Re: THEORY: Storage Vs. Computation
From: | John Cowan <cowan@...> |
Date: | Tuesday, June 15, 1999, 14:50 |
Ed Heil wrote:
> But surely it's not true that there is a unidirectional tendency
> towards loss of irregularity? If that were so, we'd all have
> wondroudly regular languages by now.
There is a countervailing pressure, namely sound change. Sound
change happens, and we don't know why, but it causes deviations
from otherwise regular patterns. In proto-English, the plural
of "man" was regularly "manni". "Manni" became "menni" by the process
called i-umlaut (or just umlaut); when the "i" was lost, we
got "man" : "men", an irregularity that has been maintained by
its frequency for the last 1000 years and shows no signs of
going under.
"Sound change operates regularly to produce irregularity;
analogy operates irregularly to produce regularity."
Hence regularity and irregularity remain in dynamic equilibrium.
> soldiers spread
> Latin all over the empire and a lot of Gauls, Germans, and Dalmatians
> try to talk to each other in it; that sort of thing)

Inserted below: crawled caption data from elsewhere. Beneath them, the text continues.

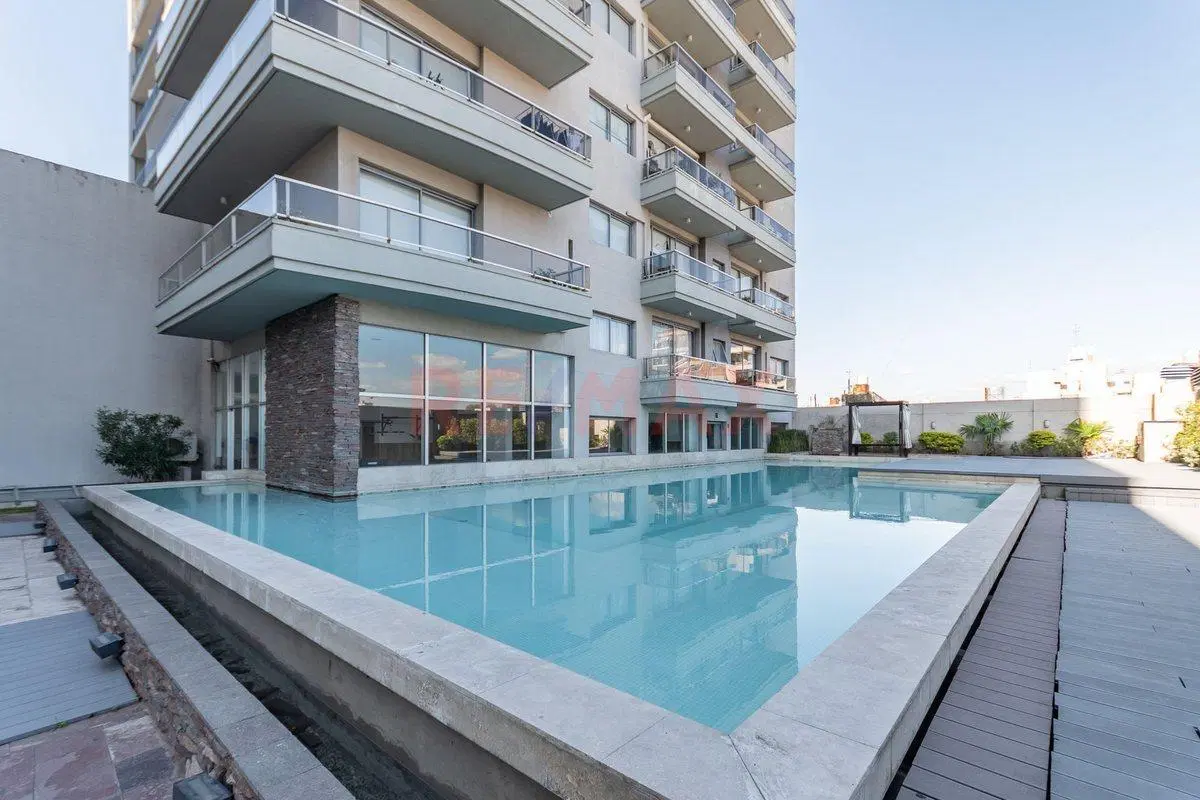 2 AMBIENTES BALCON FULL AMENITIES SAN CRISTOBAL 4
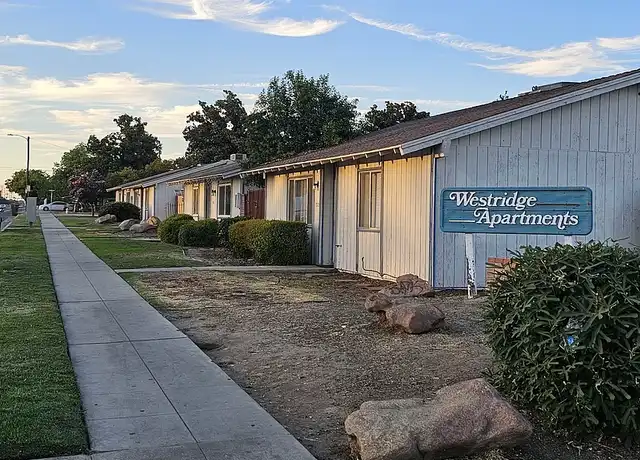 Property at Westbridge Apartments II - 1212 W Andrews Ave, Fresno, CA, 93705, 2 beds, 1 bath, [object Object]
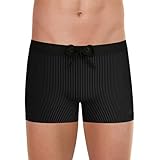 Eminence Homme Signature Maillot De Bain, Rayures, M EU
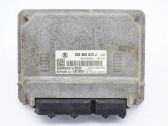 Engine control unit/module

Many Latin irregularities were lost in the Romance languages, but
many others grew: French has hundreds of irregular verbs, whereas
Latin had perhaps a dozen. The Spanish opposition between
"e" and "ie" in different persons of present tense verbs has no
Latin counterpart; it resulted from varying stress (on the root
or the ending) in Latin.
--
John Cowan http://www.ccil.org/~cowan cowan@ccil.org
You tollerday donsk? N. You tolkatiff scowegian? Nn.
You spigotty anglease? Nnn. You phonio saxo? Nnnn.